When I remind myself to live with full awareness, I am a much nicer person. Having children has made me more aware of how I treat people, the things I say, the tone I say it, my critiques and praises. I do want my children to grow up to be good, kind boys and men. Don't we all? I know that I need to model the behavior.
I don't need to go to church to make this happen. It's not about that.
But. For a long time now (before pregnancy) Chicken and I have talked about being a part of a spiritual community**. One where we are not judged and we agree somewhat with the message. Mostly, because of my upbringing, Christianity scares me senseless. I've heard and seen so much hatred and bigotry spewed that it's made me believe, "Wow, if that's what Jesus would do this world is in deep shit." I distrust organized religion. Wars break out over which God is the right God.
I think that God is what you make of him/her. He is just that--yours. He is the Jews and the Christians and the Buddhists and the Muslims and the Hindus. He is the same God. No need to fight....
And Jesus....who ever he really was....he preached love. And forgiveness. And some seriously awesome life lessons.
I mean....if we really all lived our lives based on love....how beautiful and peaceful would this world be?
So we found this church. It's one of those new kinds of churchs with a live rock band on the stage and you meet in an auditorium and it's filled with hundreds of (mostly) white 20-30 somethings. You know, the kind of church where the volunteers hand out gum and granola bars on street corners and slip you a little card about how cool their church is? Their non-churchy church. Just come as you are. Jesus love you.
We've talked about going to this non-churchy (me: "It could be a cult.") church, so this morning we decided to just GO. It's fairly near our place, the times worked with the kids schedule and why yes, they did have excellent child care facilities.
I admit I walked in completely skeptical. I can't even remember the last time I willingly went to a church service, but I'm guessing more than 20+ years ago. I am sure that I gave everyone a bit of my "I don't trust you Jesus freak" look. Except that these people really were pretty cool. And nice. And real. But still, they were at church! Uh....but so was I. Hmmm.
There were free bagels and coffee and tea and really nice people. That is so suspicious!!
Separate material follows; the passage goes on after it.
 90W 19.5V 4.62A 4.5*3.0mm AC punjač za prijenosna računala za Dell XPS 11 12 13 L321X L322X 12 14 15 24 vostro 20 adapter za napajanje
We went straight up to the child care to check things out and spend some time before going to the service. I honestly thought the boys would flip out and I'd pack them up and say "See! We weren't meant to go to church!" Except that they loved it and didn't cry when we left and didn't freak out while we were gone for one hour and 20 minutes and W2 didn't even really notice when we came back he was having so much FUN. Free child care on a Sunday morning. And bagels? Hmmmm.
The service opened with live music and the words were projected on a screen at the stage if you wanted to have a sing-a-long. The musicians were very talented but the words did freak me out. I seriously thought about leaving when the lead singer did that 'thing' where you sway and put your hand up as you sing (reaching to God?). That shit is just freaky to me.
But I stayed. And the (preacher?) was young. And had a great message and said (mostly) things that I could agree with. The message was--overwhelmingly--about love. And I can't deny that sitting there for an hour listening to him speak made me remind myself to live my life with more awareness.
That can't be a bad thing.
Having a community of nice people who accept you and your family with open arms, that can't be a bad thing, right?
I don't know. We'll give it another shot next week and see how we feel.
I know one thing for sure: I cannot tell my mother!!! Oh, the confusion this would cause that poor woman. (Who AM I?)
For now, my church-going is on the down low.
**For the record, the Unitarians were our first choice, but the church is too far and the service too late for the kid's schedule. Ditto the MCC (gay church). This one worked. We'll see if it keeps working.